↓↓↓

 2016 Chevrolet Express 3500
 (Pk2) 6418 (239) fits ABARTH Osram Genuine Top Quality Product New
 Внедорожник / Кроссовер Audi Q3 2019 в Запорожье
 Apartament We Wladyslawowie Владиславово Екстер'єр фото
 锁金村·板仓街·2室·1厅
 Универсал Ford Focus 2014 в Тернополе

↑↑↑
↓↓↓

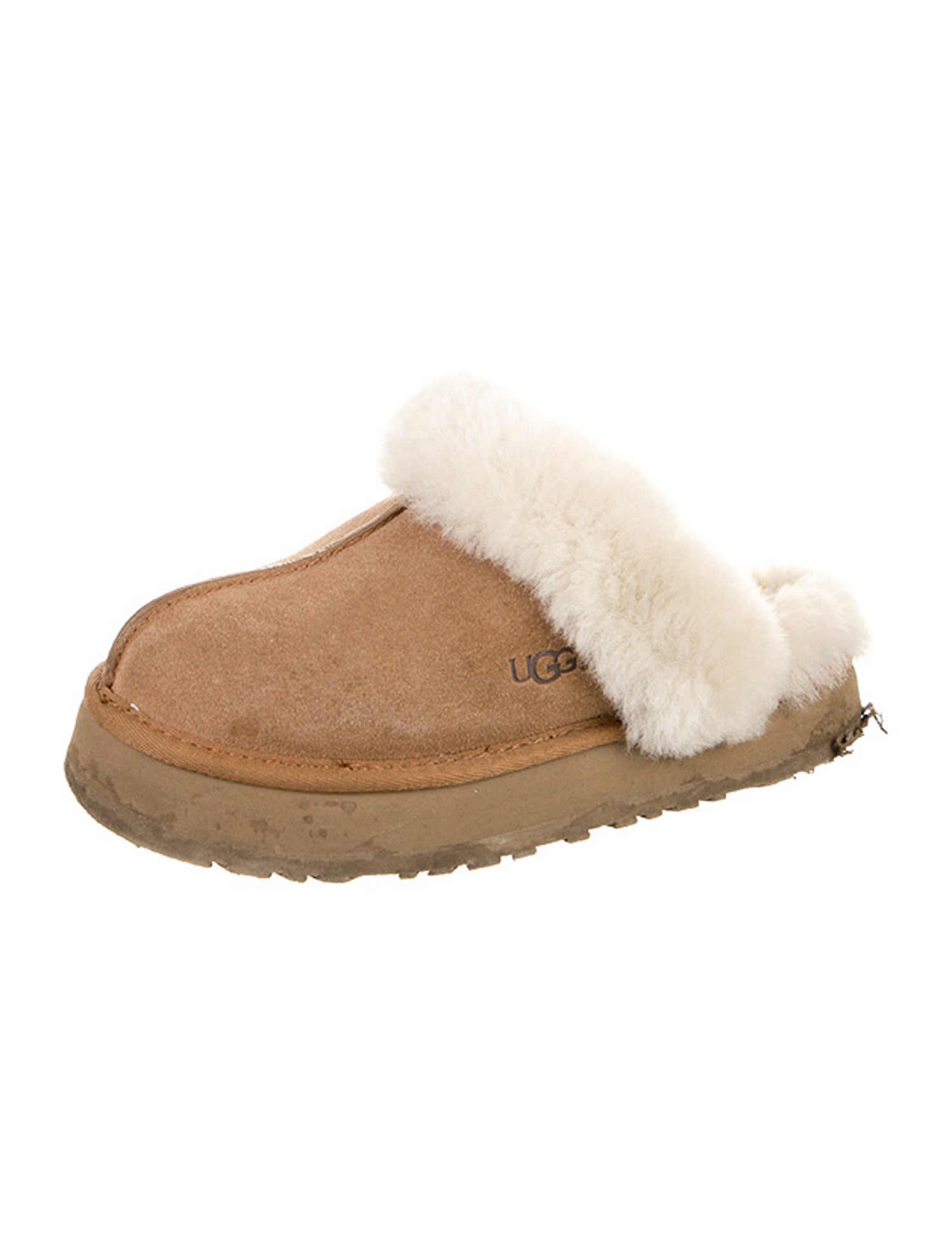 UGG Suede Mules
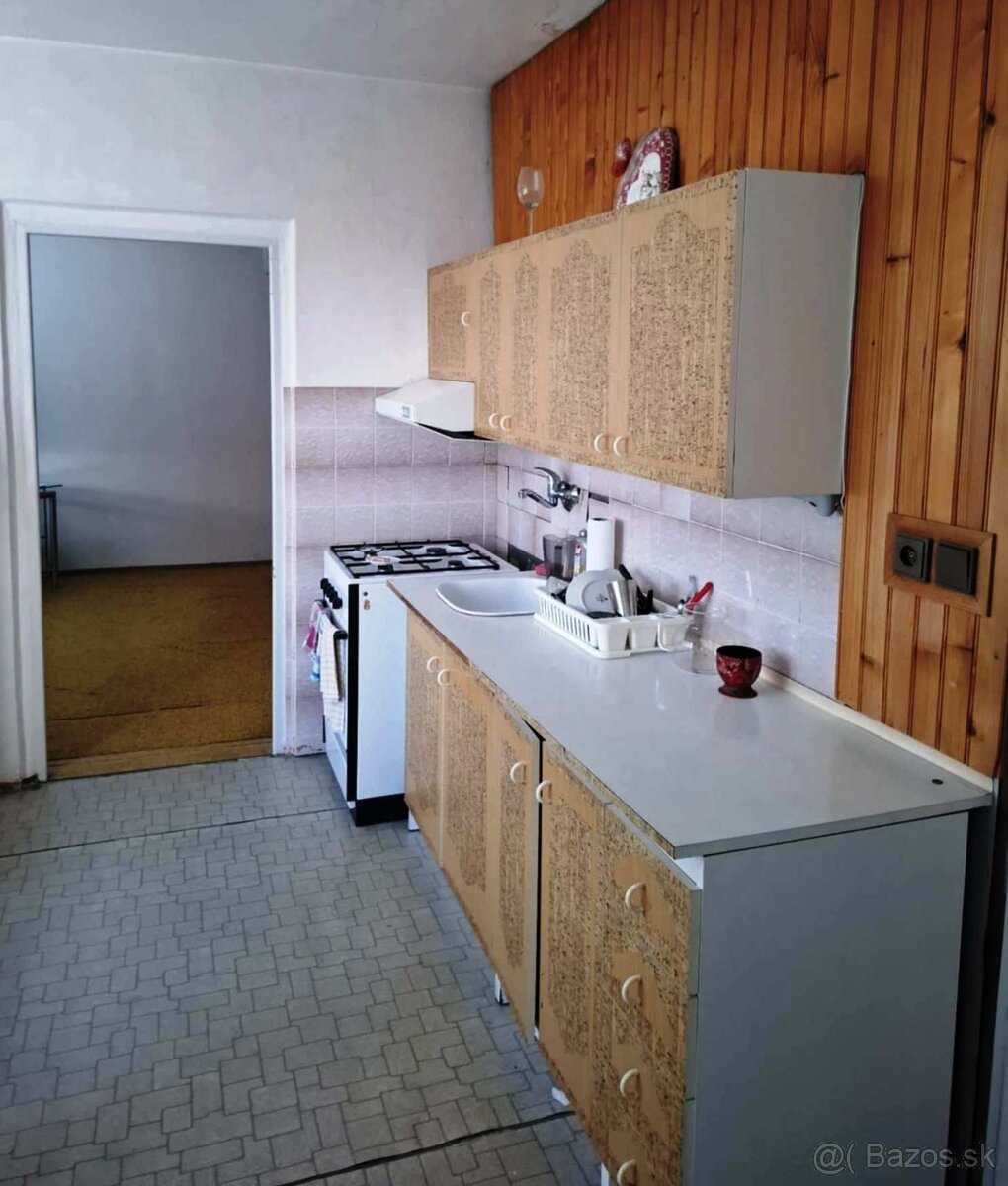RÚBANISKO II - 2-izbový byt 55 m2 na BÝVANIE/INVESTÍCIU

↑↑↑
↓↓↓

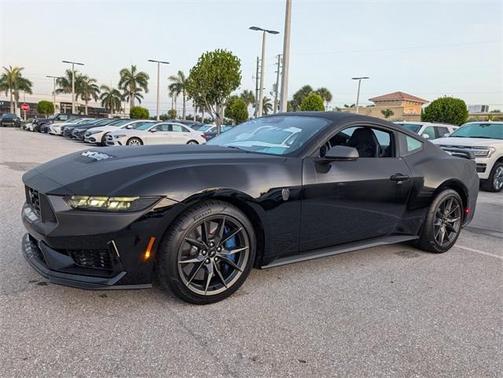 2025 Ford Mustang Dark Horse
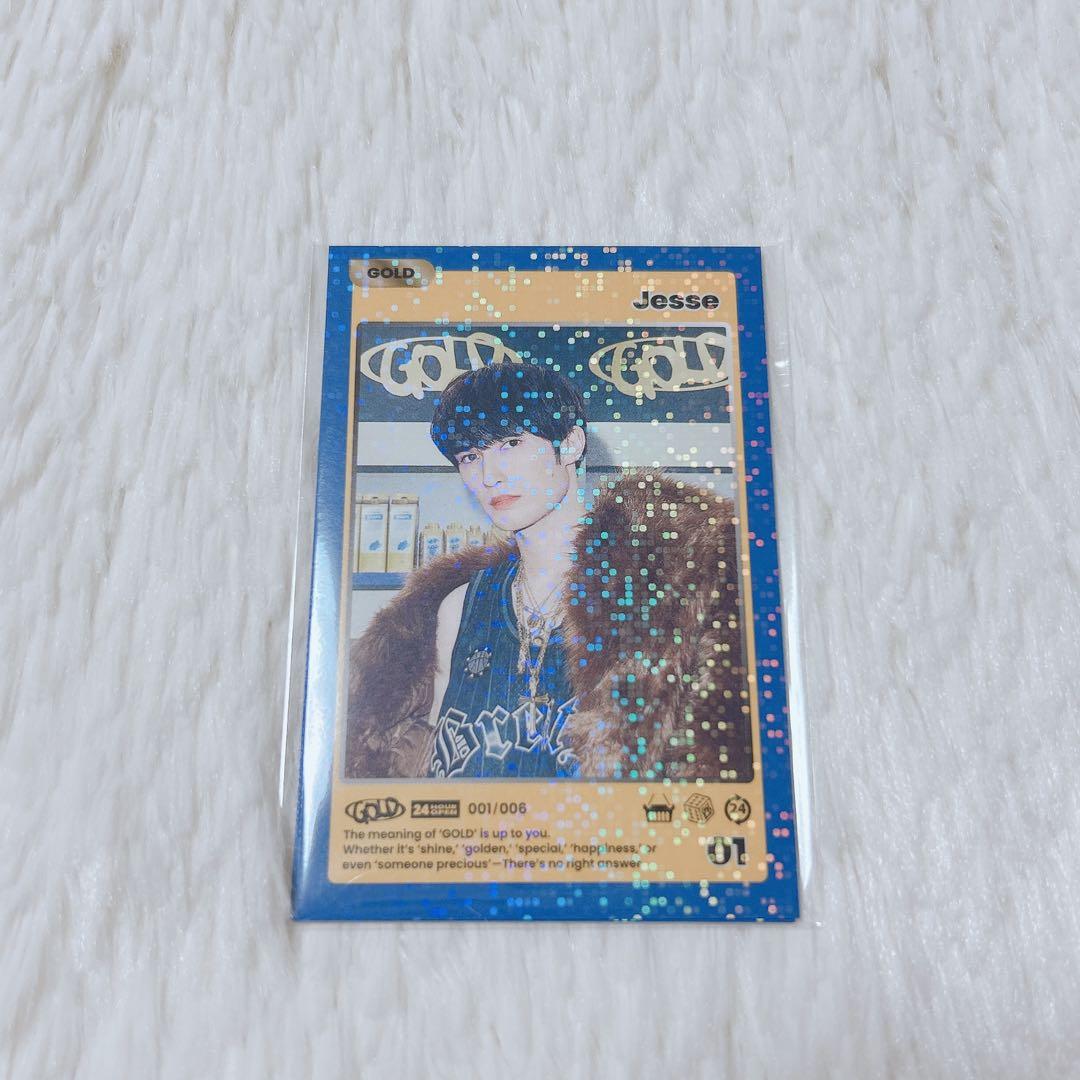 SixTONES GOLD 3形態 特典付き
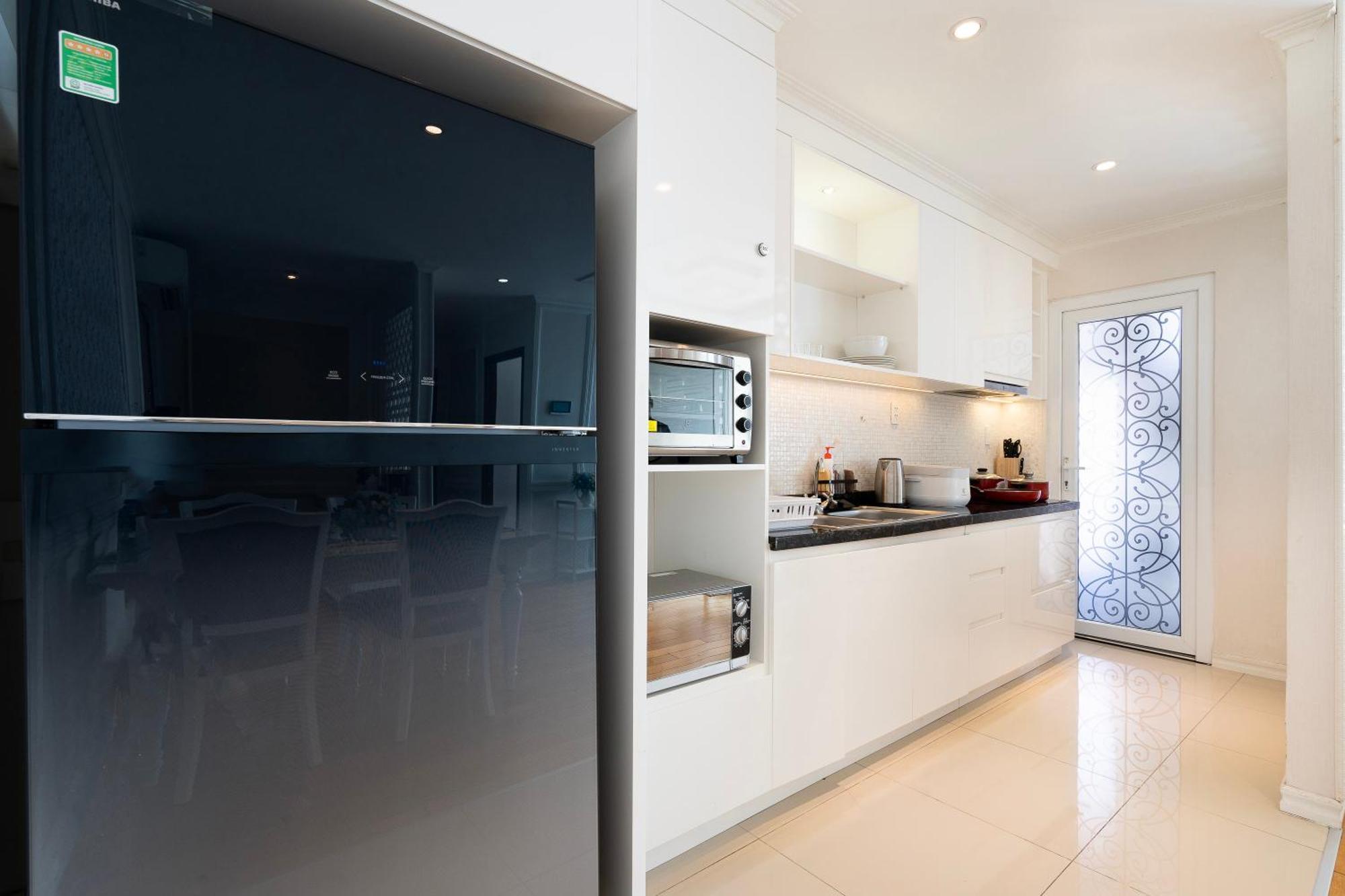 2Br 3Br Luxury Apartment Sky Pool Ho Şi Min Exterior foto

↑↑↑

TASK REQUIREMENTS. The exact lines of the material above starting at the one that contains "Внедорожник / Кроссовер" and ending at the one that contains "Универсал Ford Focus 2014 в Тернополе" are what to retype; leave out everything else.

EXPECTED ANSWER.
 Внедорожник / Кроссовер Audi Q3 2019 в Запорожье
 Apartament We Wladyslawowie Владиславово Екстер'єр фото
 锁金村·板仓街·2室·1厅
 Универсал Ford Focus 2014 в Тернополе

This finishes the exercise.